Every record is to be printed exactly as written; pictures are to be omitted.

· · · · ·

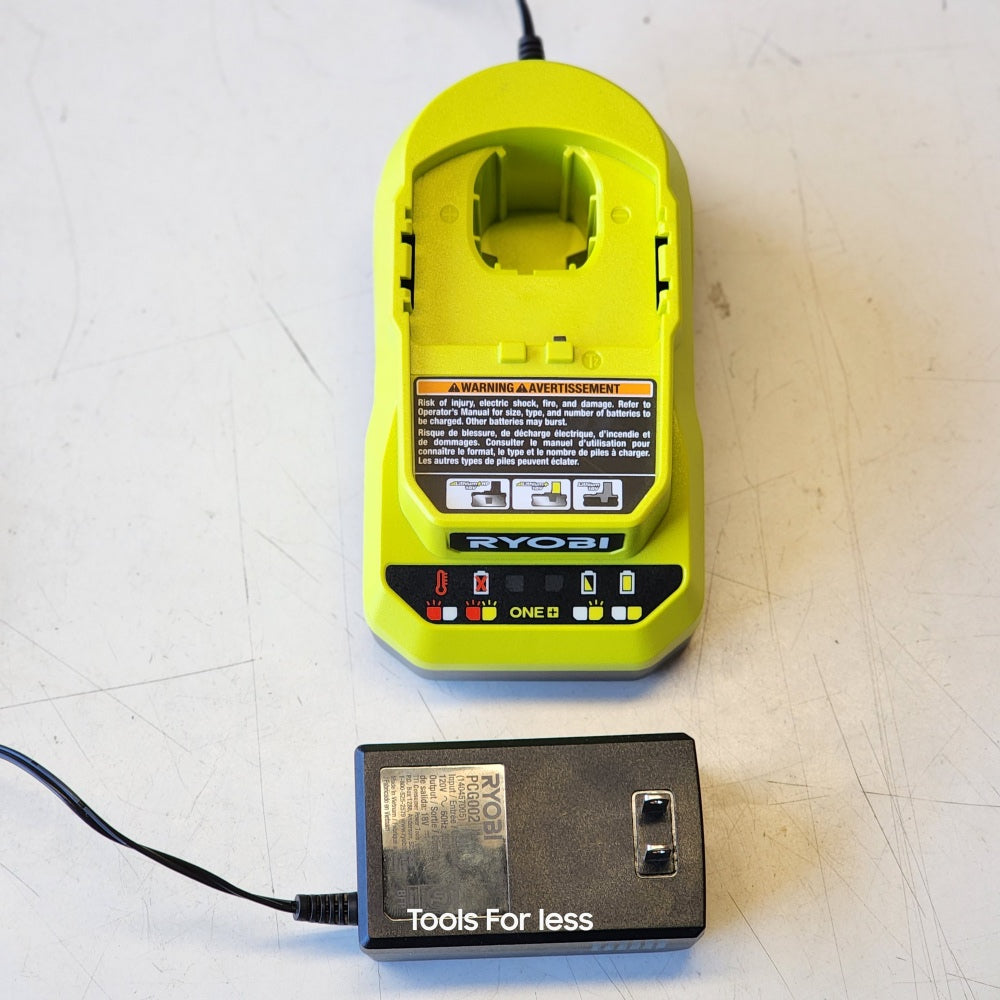 Ryobi One + 18V Lithium-Ion Charger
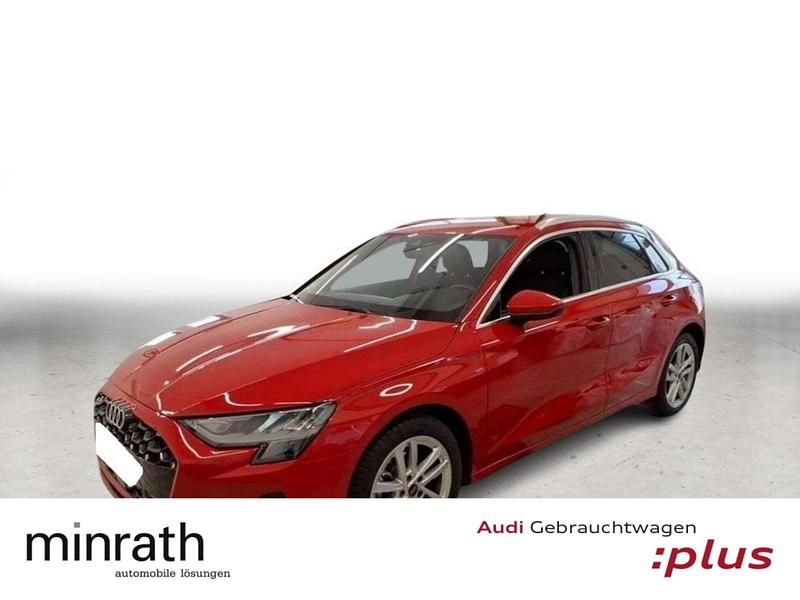Second-hand Audi A3 Advanced Plus 150 CP (110 kW) 2025 Roșu Berlinǎ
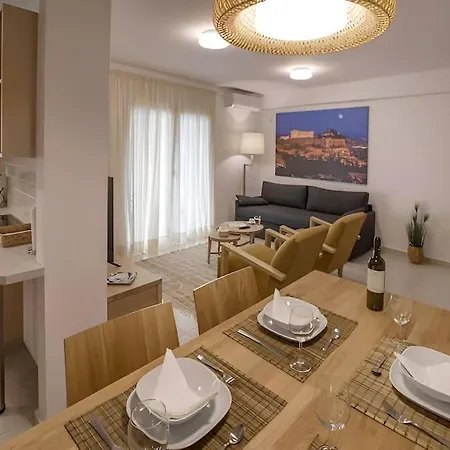Modern Apartment In The Heart Of The City Athens Exterior photo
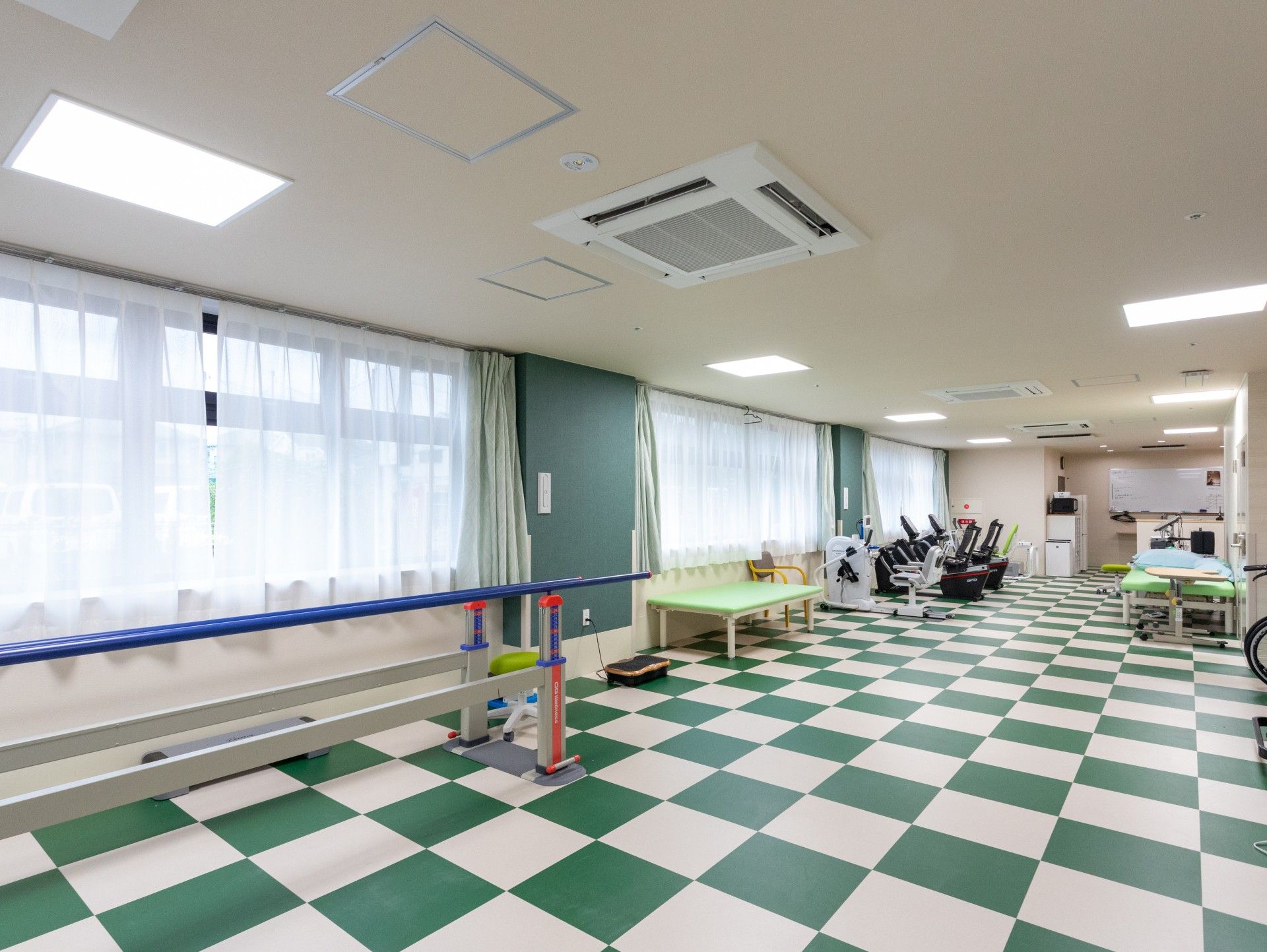 リハビリテーションルーム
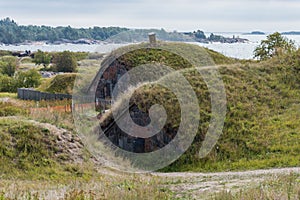 Suomenlinna Sveaborg landscape, Helsinki, Finland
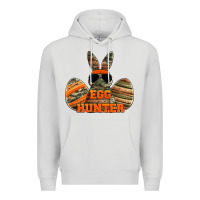 Dove Grey easter egg hunter boys Premium Hoodie - Jasminsmagicworld
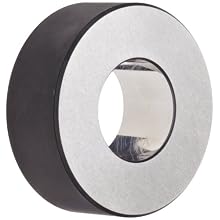 Brown & Sharpe TESA 00840106 Standard Setting Ring, 25mm Diameter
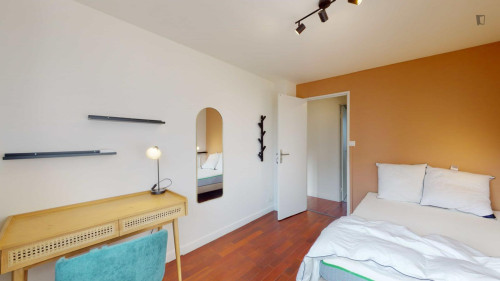 Stupendous double bedroom in Lille-Centre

· · · · ·

- **EXERCISE ANSWER**
 Ryobi One + 18V Lithium-Ion Charger
Second-hand Audi A3 Advanced Plus 150 CP (110 kW) 2025 Roșu Berlinǎ
Modern Apartment In The Heart Of The City Athens Exterior photo
 リハビリテーションルーム
 Suomenlinna Sveaborg landscape, Helsinki, Finland
 Dove Grey easter egg hunter boys Premium Hoodie - Jasminsmagicworld
 Brown & Sharpe TESA 00840106 Standard Setting Ring, 25mm Diameter
 Stupendous double bedroom in Lille-Centre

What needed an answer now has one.